Holding the gun in my right hand, muzzle pointed to the ground, I strode across to the crash site. Mike joined me, brandishing a large branch he had found at the roadside. I hoped his clubbing would be more accurate than my shooting. I had never fired a real gun in my life.

We approached the Focus first. As soon as we got close, the smell of death became overwhelming. Mike grabbed my arm. “There’s no one alive in there, man.”

He was right. There had once been a family of four in that car. Now, every inch of unbroken glass was tinted red with blood. Through the broken windows we could see the bodies. Still buckled in by their seat belts. All of them had turned. They glared at us with their yellow eyes and began to emit that eerie moan of hunger.
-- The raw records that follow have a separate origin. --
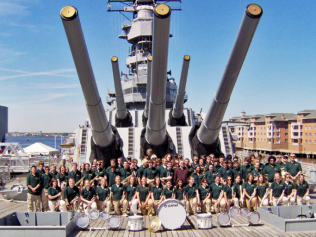 Large group posing on a battleship deck in front of huge naval guns under a blue sky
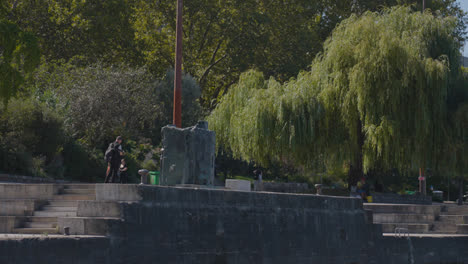 View-From-River-Seine-Of-Tourists-And-Cyclists-On-Quais-de-Jussieu-In-Paris-France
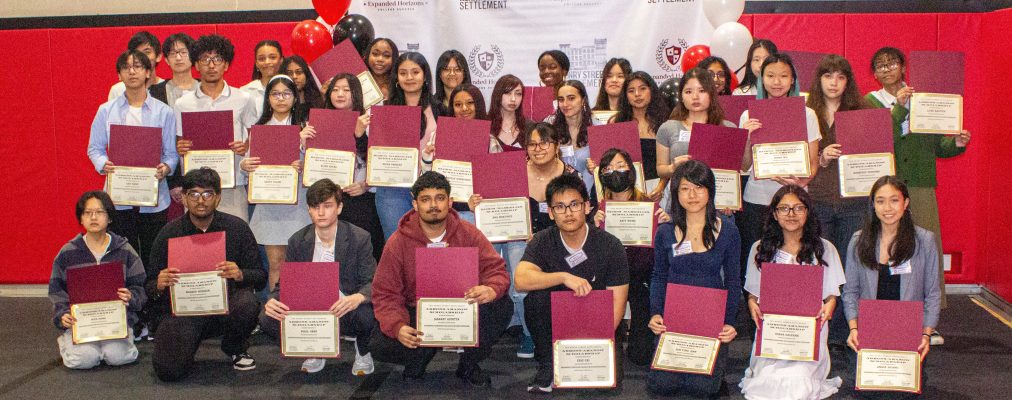 A large group of students pose together in rows, proudly holding certificates and folders during a graduation or recognition ceremony.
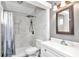 Bathroom features a shower with white marble-look tile, a rainfall showerhead, and a built-in shelf at 10115 E Highway 316, Fort Mc Coy, FL 32134
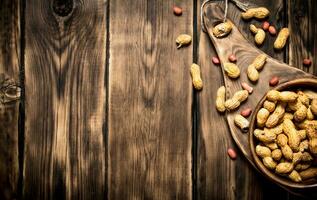 Peanuts in a wooden bowl . photo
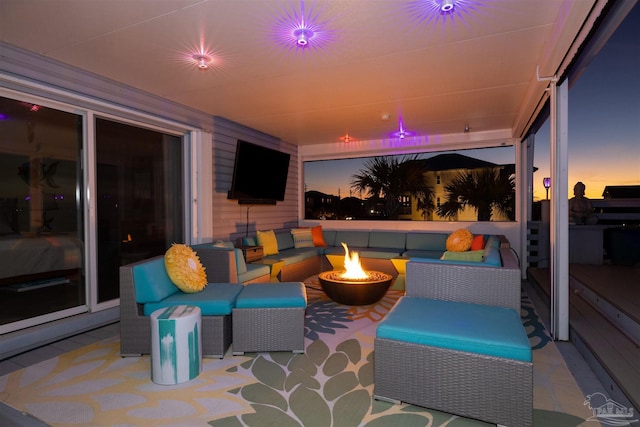 view of patio with an outdoor living space with a fire pit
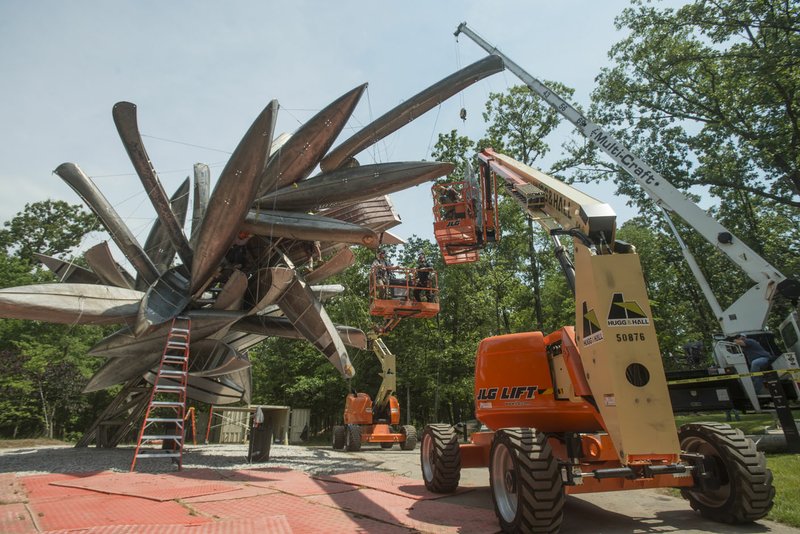 NWA Democrat-Gazette/BEN GOFF @NWABENGOFF A crew installs the sculpture 'Monochrome II' by Nancy Rubins June 7 on the North Forest Trail at Crystal Bridges Museum of American Art. The sculpture is fabricated from aluminum canoes and jon boats.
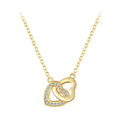 Gold-tone interlocking heart necklace with a clear CZ stone row on a white background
We stepped back instinctively even though they were trapped in there. I wondered if they had been infection-free when they crashed. Maybe the same zombies that had killed the checkpoint soldiers had come upon this family in the overturned car and gone to work on them. Or maybe the family had simply died in the crash and then turned because everybody turns after death. That was how it worked in all of George A. Romero’s movies, anyway, as well as in a few TV shows.

But the air bags were inflated so I assumed it wasn’t the crash that had killed them, it was roaming zombies.

We moved away and went to the Cruiser. The driver was dead. And human. His face rested on the air bag as if he were simply lying on a pillow. He was in his fifties, balding, and wearing glasses that were still intact. There was no blood, no wounds. What had killed him? A heart attack?

On the passenger seat, a road atlas lay open. The hospital in Brecon was circled in red pen.

A sudden movement from the back seat surprised us. I raised the pistol automatically, peering through the window.

A grey-haired woman sat on the backseat, dressed in a white nightgown and green bath robe. She had turned. Struggling against the seat belt that held her in place, she gnashed her teeth at us and growled.

“Fuck,” Mike said.

“Looks like he was taking his wife to hospital and she turned in the back seat. He had a heart attack and crashed into the Focus. They got turned before they got out of the car. There must have been zombies in the area.”